Letter to Beets (1836)

A Fellow of the Royal Astronomical Society, as his father was, in 1838 Lockhart was listed at the same address, Lanhams in Berkshire. In 1839 he contested Aylesbury as a radical candidate, nominated by John Gibbs. Charles John Baillie Hamilton was elected, Lockhart coming second ahead of George Nugent-Grenville, 2nd Baron Nugent. In 1846, when Donald Maclean who was a sitting MP for Oxford suffered bankruptcy, he put himself forward as a replacement, on a policy platform of six points: (a) abolition of church rates, (b) change in the Poor Laws, (c) abolition of primogeniture, (d) dissolution of the church courts, (e) extension of suffrage, and (f) full civil and religious liberty. He signed from Pomona Place, Fulham. His chances as a prospective candidate were affected by newspaper reports of a fight in a third-class railway carriage, which he had entered in a party with the Rev. William Langley and others.

Lockhart spoke at a broad-based reform meeting in London in March 1852. He was then a Chartist candidate in the 1852 general election for Northampton, where two Liberals were elected. At a disorderly meeting in November 1853 at the National Hall, Holborn, for an anniversary of the November uprising, supporters of George Julian Harney and Lockhart clashed to try to gain the chair.

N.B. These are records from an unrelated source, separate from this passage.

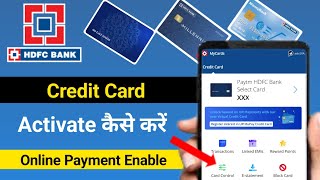 Hdfc bank credit card activation online | hdfc bank credit card activate kaise kare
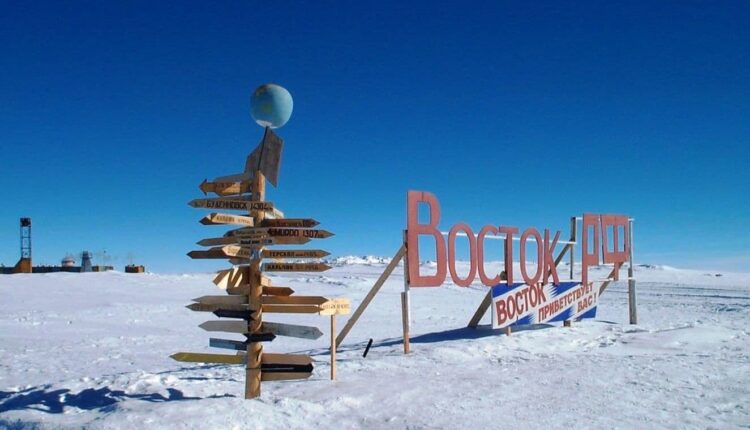 the coldest temperature, най-студената температура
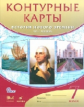 Контурные карты. История 7кл. История нового времени. XVI-XVIIIвв. ДИК (ФГОС)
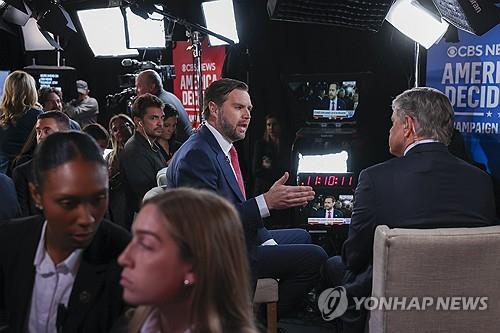 [EPA=연합뉴스. 재판매 및 DB 금지]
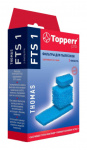 Набор фильтров Topperr FTS1 1107 (3фильт.)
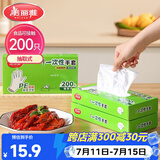 美丽雅  一次性手套食品用升级加厚200只 盒装抽取pe手套厨房餐饮家务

In 1855 Lockhart was a speaker for the National Reform League, in July for the State Reform Association, and in December of that year he spoke at a meeting chaired by Francis Bennoch on the Bank Charter Act.

In February 1857 Lockhart chaired a meeting against the Second Opium War; he was on the platform for a March meeting against the Opium War and Anglo-Persian War. After the watershed general election of March–April 1857, perceived to have purged from parliament radicals including John Bright, Richard Cobden and Thomas Milner Gibson, he spoke with Bronterre O'Brien at a London meeting at the Royal British Institution off City Road, chaired by Samuel Lucas. He outlined a political programme of (a) manhood suffrage, (b) more equal distribution of electors in the population, (c) no property qualification for MPs, (d) vote by ballot, and (e) triennial parliaments.

In 1862 Lockhart was in bankruptcy proceedings, as a practitioner of homoeopathy and hydropathy. At the time of his death, he was described as a familiar figure in the British Museum Reading Room.

==Works==
- An Apology for a Thief, or the title of 'Divine Right' a mask to cover the iniquities of the great, by a British Ismaelite (1839)
- Attica and Athens (1842), translated from Karl Otfried Müller, Georg Friedrich Grotefend and others
- The Memoirs of the Conquistador Bernal Díaz del Castillo (1844), translated from the Spanish
- Report of the Fulham Charities (1846)
- The Good Boy Henry, Or, The Young Child's Book of Manners (1849), translation from the Dutch of Nicolaas Anslijn
- The Wife's Peril: A Romance (1867)
- The Triple Angel, poem

A volume of his correspondence with Nicolaas Beets was published in 1884.

==Family==
Lockhart married Emma Marie Angela Hayward in 1841. She died in 1849.